Task objective: Copy task, pictures excluded: set down exactly the lines from the one containing "BT Diverse Elements" to the end of the data below.

Dataset excerpt:
____________________
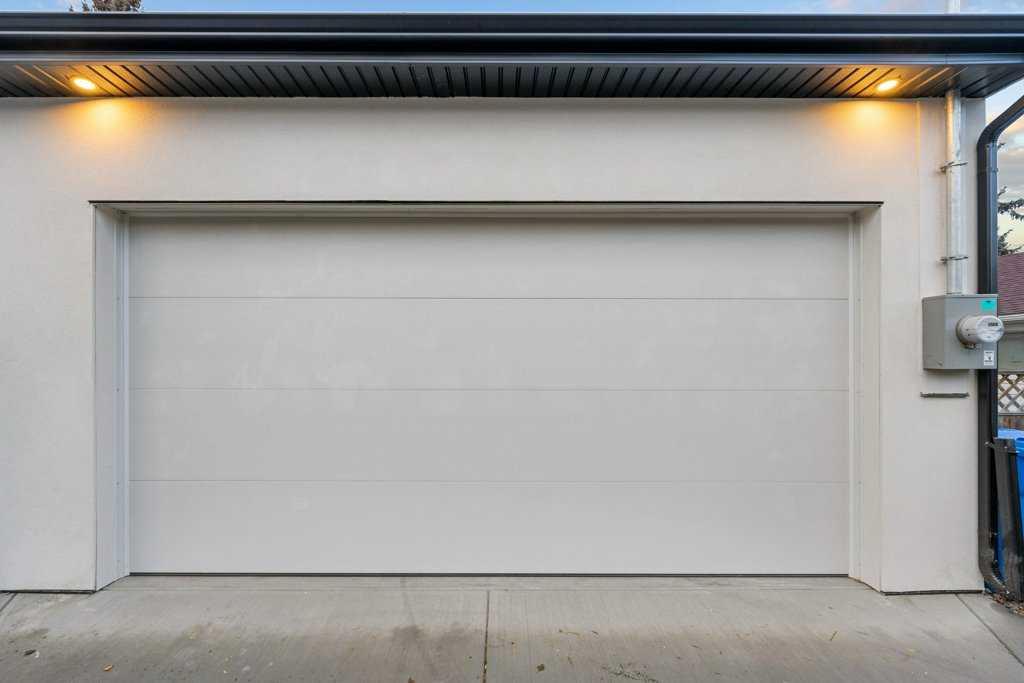 MLS #A2271889 image #48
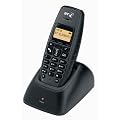 BT Diverse Elements 1KM DECT Additional Handset - Black/Dark Grey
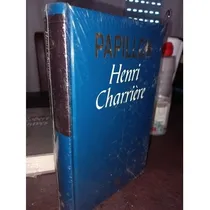 Comprar Papillon - Henri Charrière ( Rba)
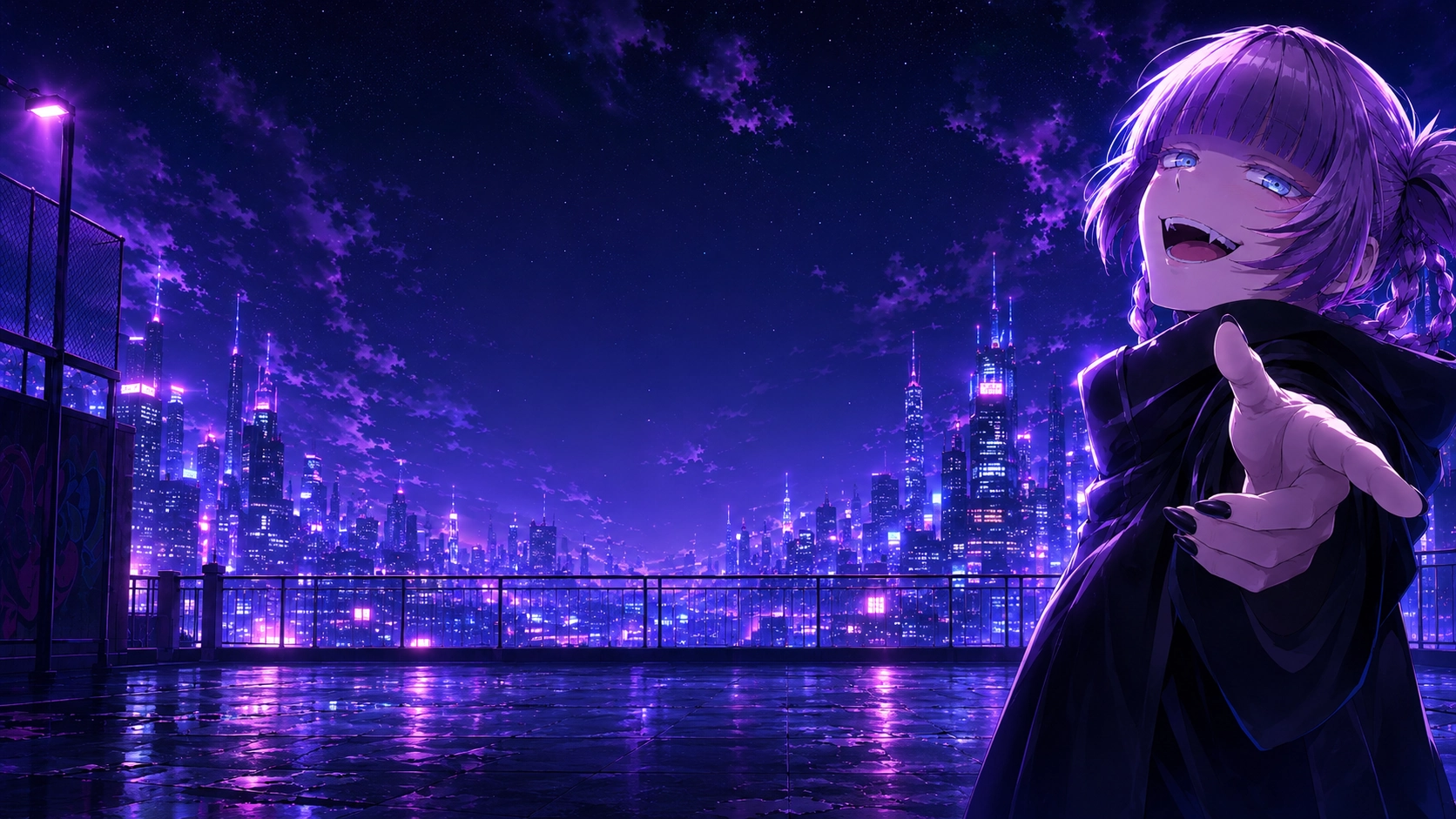 Anime XXI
____________________
Response to this task:
 BT Diverse Elements 1KM DECT Additional Handset - Black/Dark Grey
 Comprar Papillon - Henri Charrière ( Rba)
 Anime XXI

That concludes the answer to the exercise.